My last 'blog pondered the question: Why has there been an apparent resurgence in multi-paradigm design? I in fact am rather indifferent, for the sake of this article, about whether multi-paradigm design (MPD) is the right answer. Let me posit that the recent emergence of practical application of MPD, the fact that it piqued the interest of two respected industry authorities (Trygve Reenskaug and, allegedly, Scott Meyers), and the fact that Vrije Universiteit Brussel is considering a major endeavor in this direction suggest that the idea has power. I am sure it is not the only idea of such breadth and power, and I'd enjoy hearing your comments about other viable alternatives that can serve as a broad integrative framework for teaching design. (I myself can posit Alexander's design theories, or the foundations of the Design Movement of Nigel Cross, John Thackara, Peter Naur et al., as equally good foundations, though it is unlikely that you as readers are as conversant with those ideas as with the foundations of MPD. I'll revisit some of the problems with the more ambitious of these ideas, such as patterns, below.)

But -- if I was right, back in 1993, in feeling that MPD provided an integrative framework that solved many of the design problems faced by OO programmers (who were really turning into generic and generative programmers and a bunch of other things) at the time -- where does that leave academia? It leaves it in a position where it was teaching OO in 1993 while there was emerging published material on an alternative -- material coming out of an industry research lab. (Think about it -- most great programming language advances come emerged into the industry not from academia, but from industry research labs.) And in retrospect -- if I was right -- it means that academia stuck with what it had in 1993, and was late in picking up a key idea. Sadly, these days the main goal seems to be to crank out good Java programmers: that is where the current educational mindshare is.

Industry is about as bad off as academia save a few bright spots as the one described by Darren.

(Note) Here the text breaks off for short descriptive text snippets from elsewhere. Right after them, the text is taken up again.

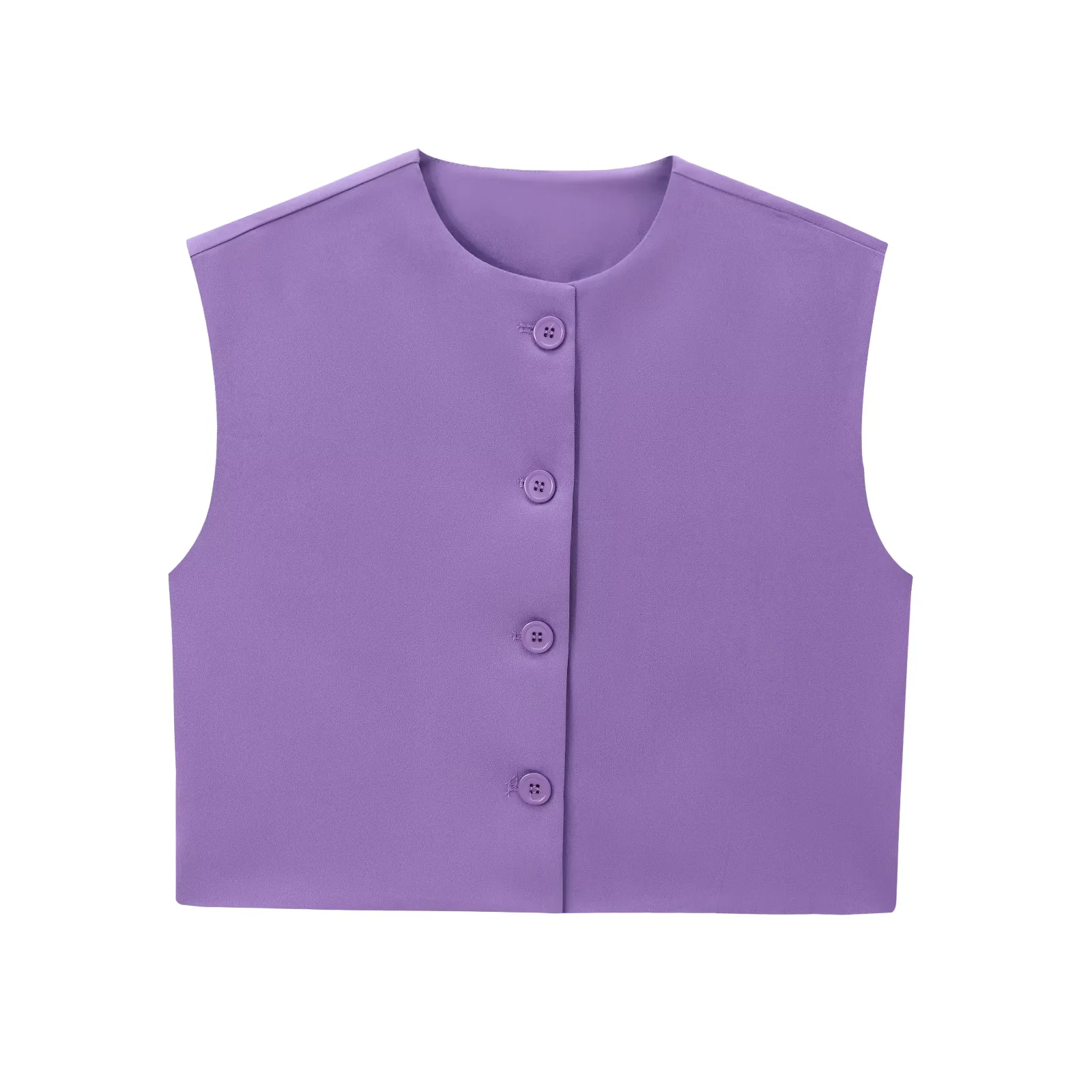 Chaleco Vintage sin mangas para mujer, chalecos holgados a la , abrigo sin mangas para mujer, prendas de vestir exteriores informales para mujer, ropa de calle básica, Tops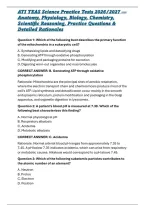 ATI TEAS Science Practice Tests 2026&sol;2027 &mdash; Anatomy&comma; Physiology&comma; Biology&comma; Chemistry&comma; Scientific Reasoning&comma; Practice Questions & Detailed Rationales
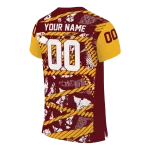 custom minnesota golden gophers camo shatter maroon jersey best selling
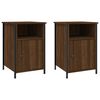 vidaXL sengeborde 2 stk. 40x42x60 cm konstrueret tr&aelig; brunt egetr&aelig;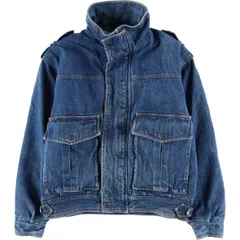 古着 リーバイス Levi's 中綿入り スタンドカラー デニムジャケット メンズM相当/eaa458339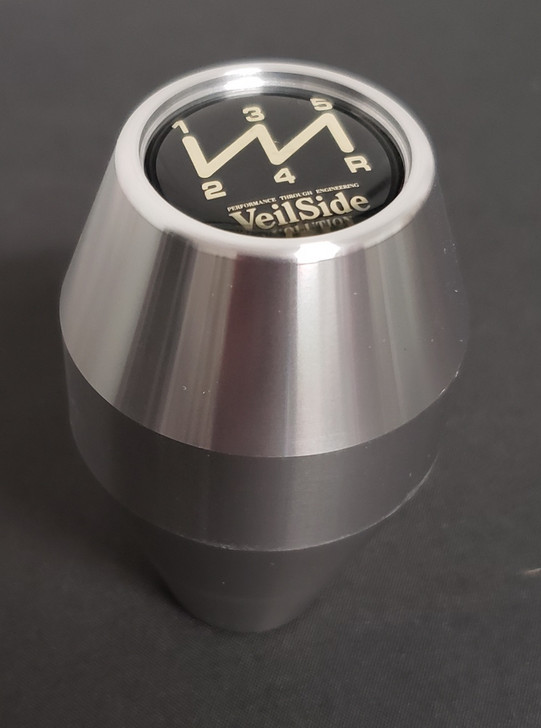 VeilSide Universal Shift Knob Type R I Aluminum Racing Brushed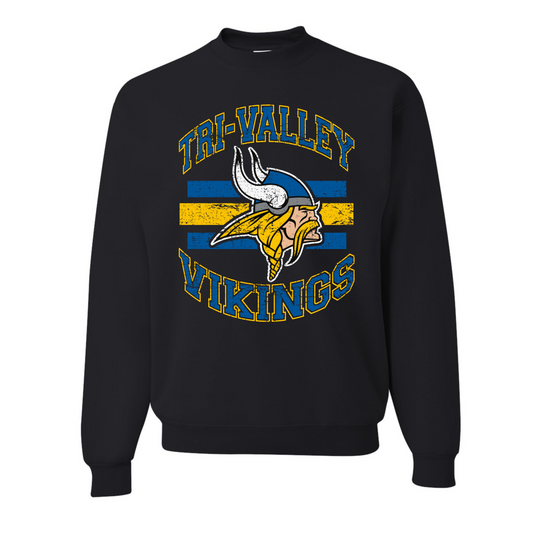 TV Vikings Vintage Design Crew Neck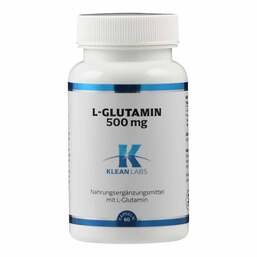 Abbildung: L-Glutamin 500 mg Kapseln 60 St, Kapseln PZN 13517130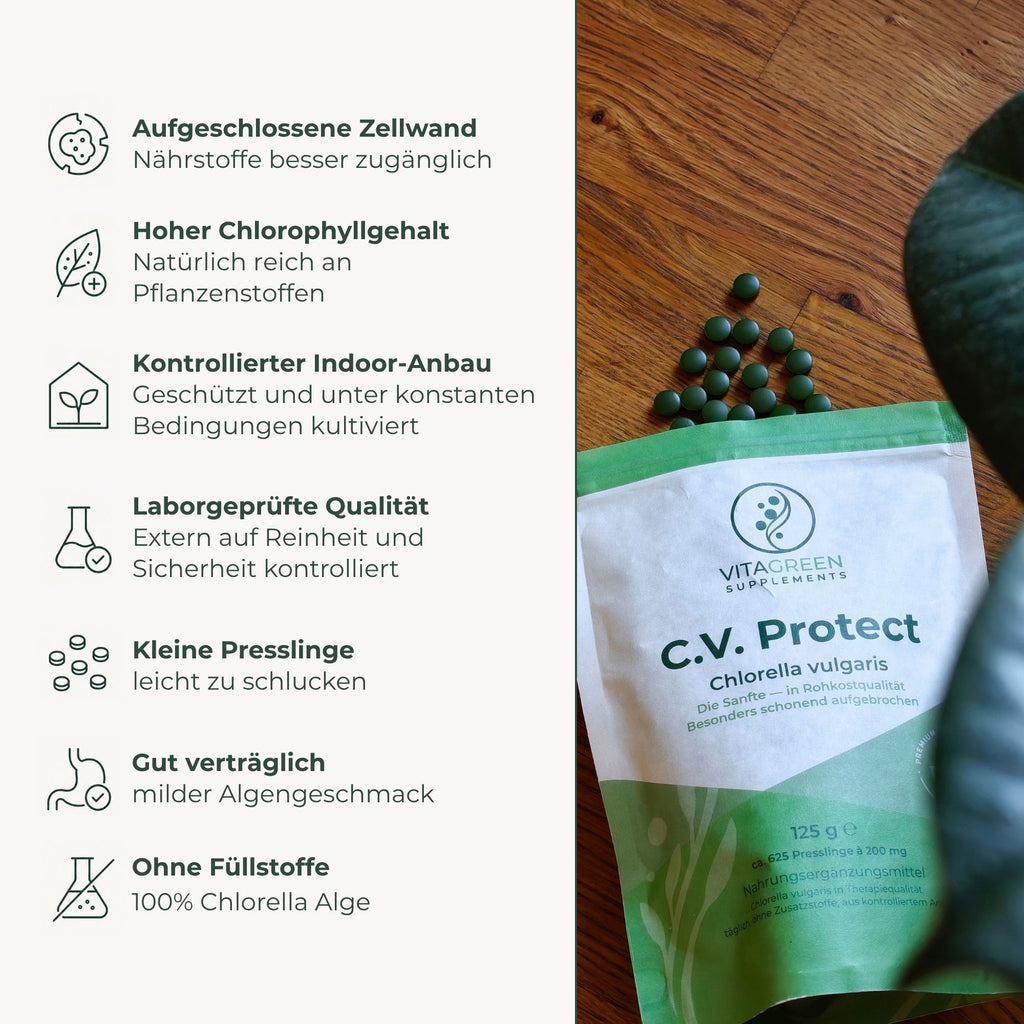 C.V. Protect Chlorella vulgaris – Produktvorteile im Überblick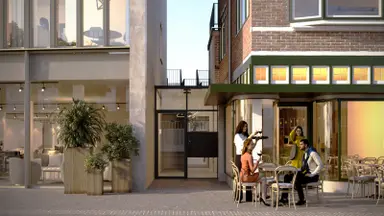 61m2 flat te huur voor 1850€/maand in Kerkstraat, Hilversum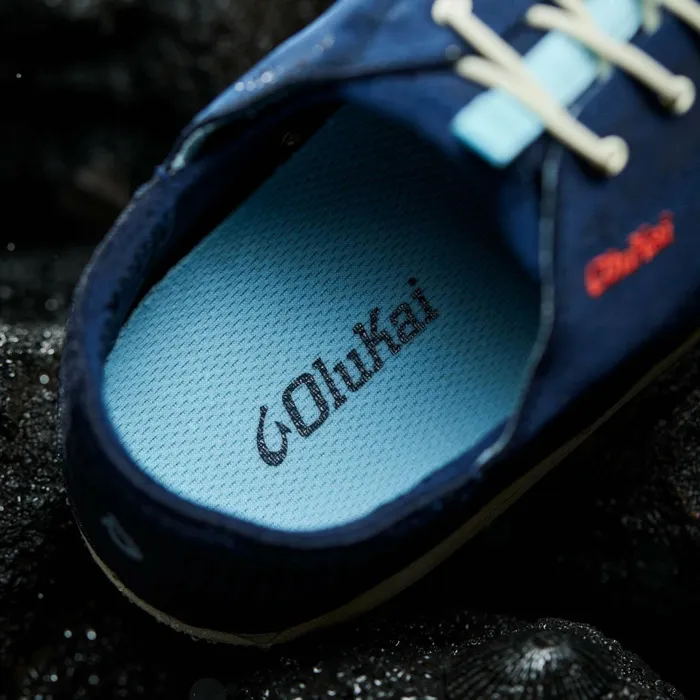 Boat Shoes Men Olukai Nohea Moku Boat Shoes 8211 Deepest Depths White Sand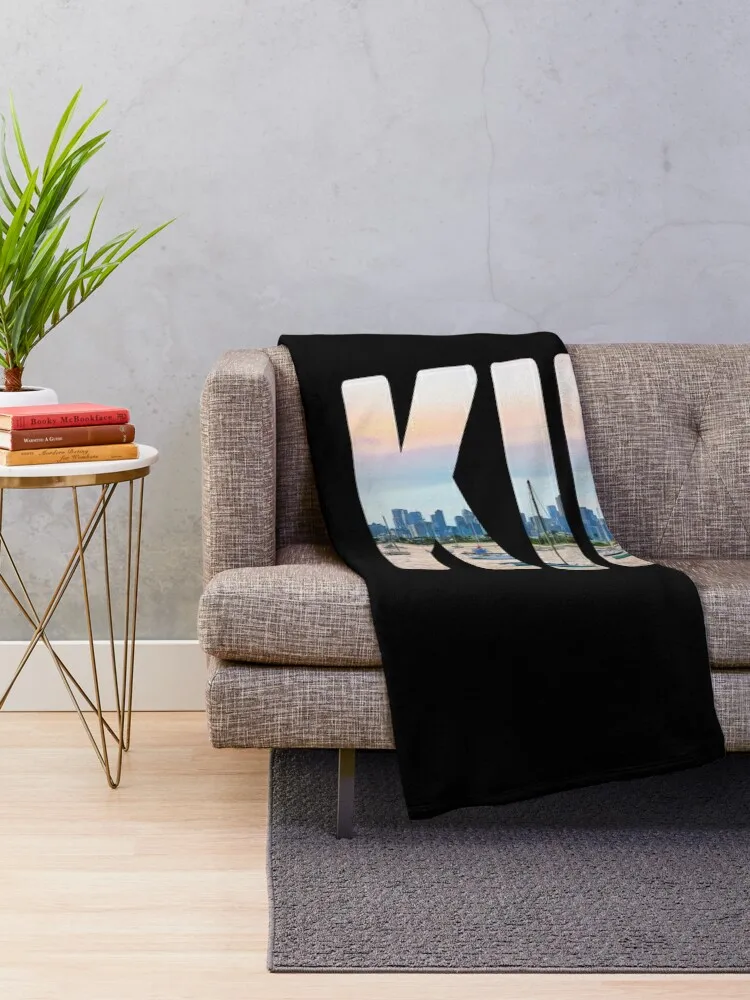 ST KILDA - Melbourne Victoria Australia Sunset Glow Throw Blanket Soft Big Plaid on the sofa Decorative Sofa Retros Blankets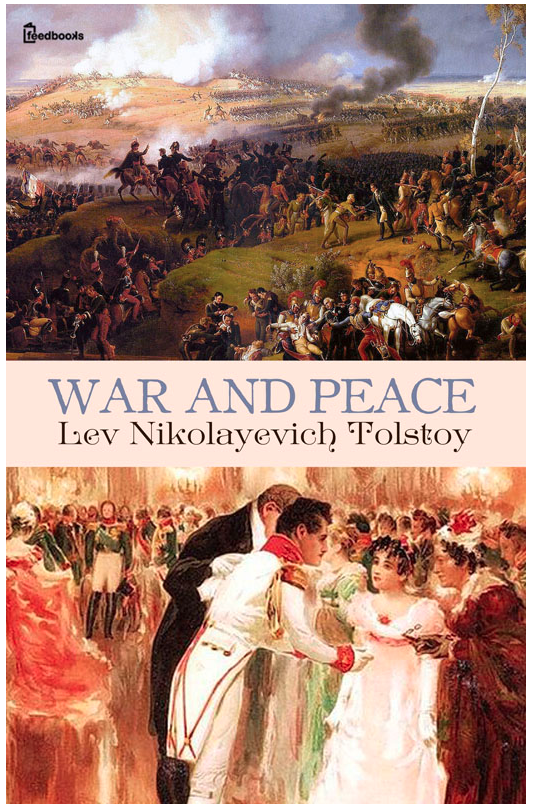 Front page of the War and Peace ebook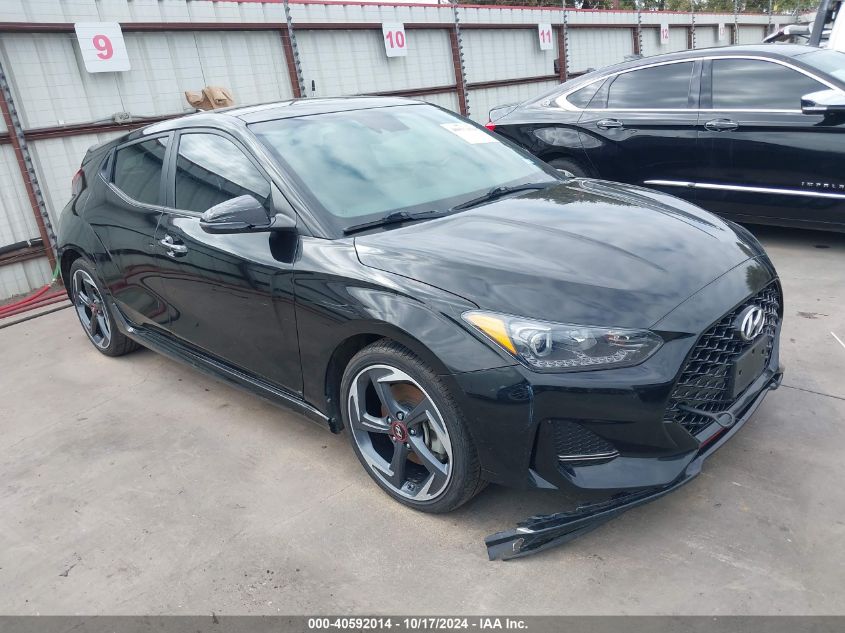 2020 Hyundai Veloster Turbo VIN: KMHTH6AB9LU023018 Lot: 40592014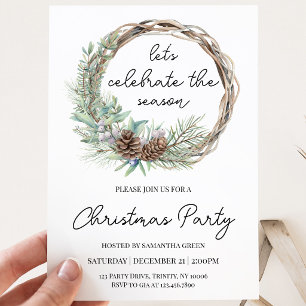 Let's Celebrate the Season Holiday Party Invitation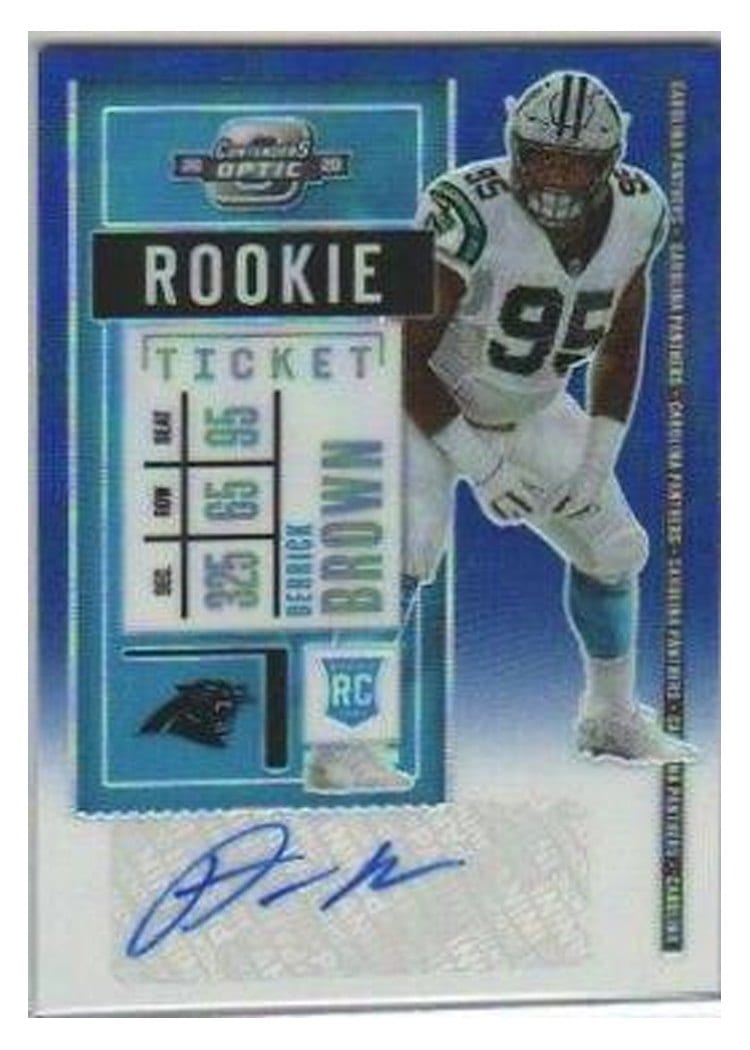 2020 Panini Contenders Optic Base Set Derrick Brown #146 card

Industry is largely fad-driven, and most single paradigms have provided a most suitable place for fads to hang their hats. What's worse, modern academia often must pacify industry in exchange for research funding or to be able to work with companies to place graduates in jobs. Both academia and industry like things simple. Both yearn to measure progress. Progress is most easily measured along a single-dimensional ruler, so any single-dimensional paradigm is a more comfortable measure either than no paradigm at all, or than any multidimensional analysis that requires thought and synthesis. Systems engineering, a necessarily multidimensional discipline, has been a dieing art since the 1960s -- but like MPD it, too, seems to be seeing resurgence. Maybe there is hope after all.

The Past, the Future, and the Eternal

Education is all about linking the past with the future. Faced with students who bring their exposure to the ideas of yesterday and today, the educator is faced with preparing them for the future. True, much of that preparation relates to rounding out students' knowledge about the past and the present. This includes the teaching of craft and technique. Such teaching should be at the core of a BS or diplome degree.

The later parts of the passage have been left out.